May 21, 2008 10:06 GMT  ·  By

After withdrawing its unsolicited acquisition proposal for Yahoo, Microsoft Chief Executive Steve Ballmer indicated that the Redmond company's online search and advertising strategy was not based exclusively on the integration of the Sunnyvale Internet giant. Chairman Bill Gates confirmed that Microsoft would increase its search share organically, since the failed takeover of Yahoo could no longer haul it as the no. 2 of the search engine and online advertising markets. The attempted takeover of Yahoo, as anything that Microsoft does in terms of search, is a direct jab at Google. In this regard, Microsoft unveiled its latest initiative, a project that could strike at Google's jugular, just as well as it could have no impact at all in terms of boosting the Redmond company's search share: Live Search Cashback.

Live Search Cashback is an attempt to buy Google's users with hard cash. For the time being, Google pays nothing to its users, maintaining a cash flow only between advertisers and the websites serving ads. In contrast, via Live Search Cashback, Microsoft promises searchers top dollar. Essentially, the program will ensure that the Redmond company returns a percentage of the price for products acquired after using Live Search. It seems that it is willing to go as high as 30% of the product's price with its cashback.

"Microsoft Live Search cashback is "The Search That Pays You Back". Find great deals on millions of products from hundreds of brand name stores that you know and trust. You will be able to earn cashback savings based on a percentage of the product price. Your savings will be paid to you via your choice of a deposit to your PayPal account, direct deposit to your bank account, or a check in the mail," reads Microsoft's definition of Live Search Cashback.

The company will not pay a cashback on all the products that will be bought after being found via Live Search, but only on the items offered by its partners, which will be identified by a special icon, featured in the image at the top of this article. What Microsoft is doing is to bridge the gap between consumers and vendors in a way that offers both segments not only search but also "profit." At the same time, the company is reported to move away from the traditional Cost-Per-Click model, to Cost-Per-Acquisition.

"As long as [users] click on an eligible product or store link at our Live Search cashback site, they will earn cashback savings on all eligible purchases [made] during your store visit. Different products may have different cashback percentage rates, so the rate for other products [users] buy may be higher or lower than the rate displayed on the Live Search cashback site for the product initially searched for," Microsoft revealed.

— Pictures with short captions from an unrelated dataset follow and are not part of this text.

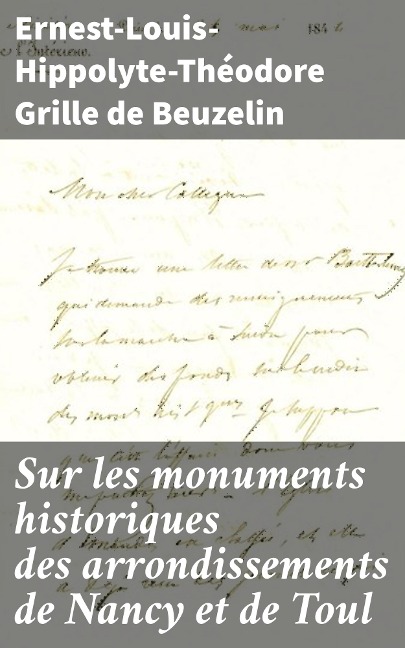 Sur les monuments historiques des arrondissements de Nancy et de Toul - Ernest-Louis-Hippolyte-Théodore Grille de Beuzelin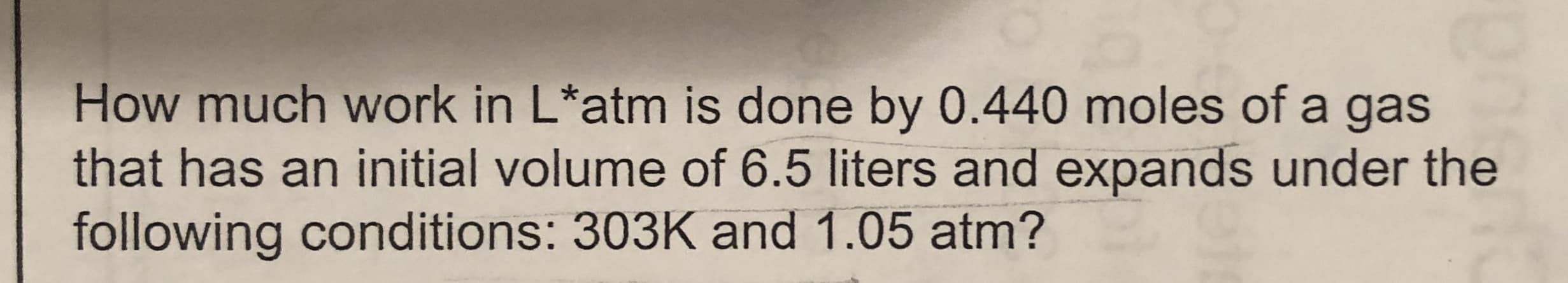 How much work in L*atm is done by 0.440 moles of a gas
that has an initial volume of 6.5 liters and expands under the
following conditions: 303K and 1.05 atm?
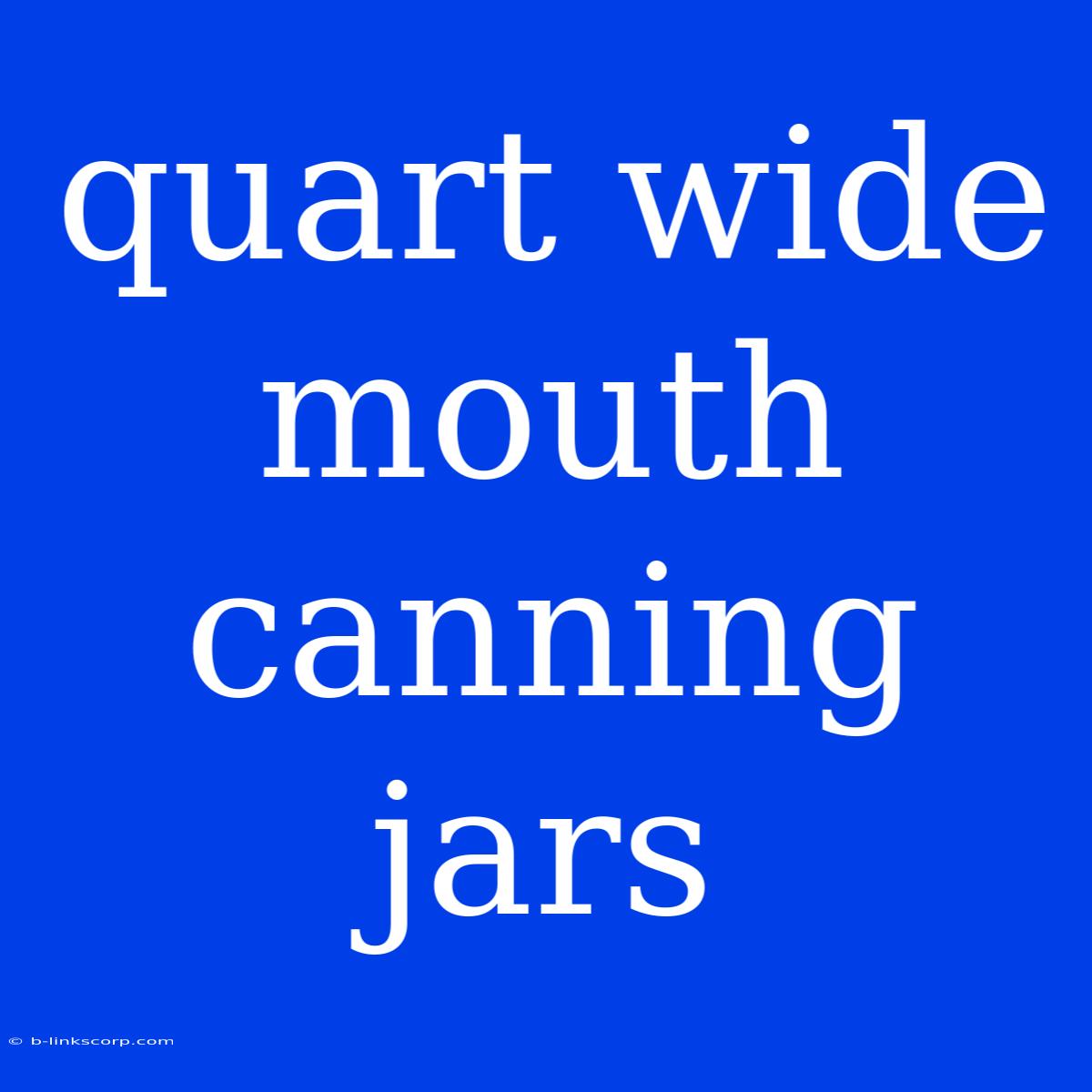 Quart Wide Mouth Canning Jars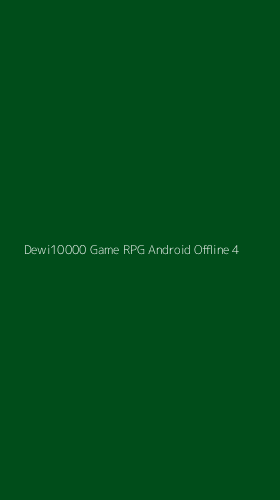 Tampilan Antarmuka Aplikasi Dewi10000 Game Rpg Android Offline - 4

Live Search cashback is an obvious effort from Microsoft to artificially increase its share of the search engine market, albeit one less expensive than Yahoo. Via the integration of Jellyfish which the Redmond company acquired in 2007, and that was running a similar program, Live Search is now transformed into a search engine that pays both online vendors and users. The initiative has been tried before, but never at this scale, or with Microsoft's immense resources behind it. But at the same time, there is no guarantee for success, especially since Microsoft has been continually losing ground on the search engine and online advertising markets to Google.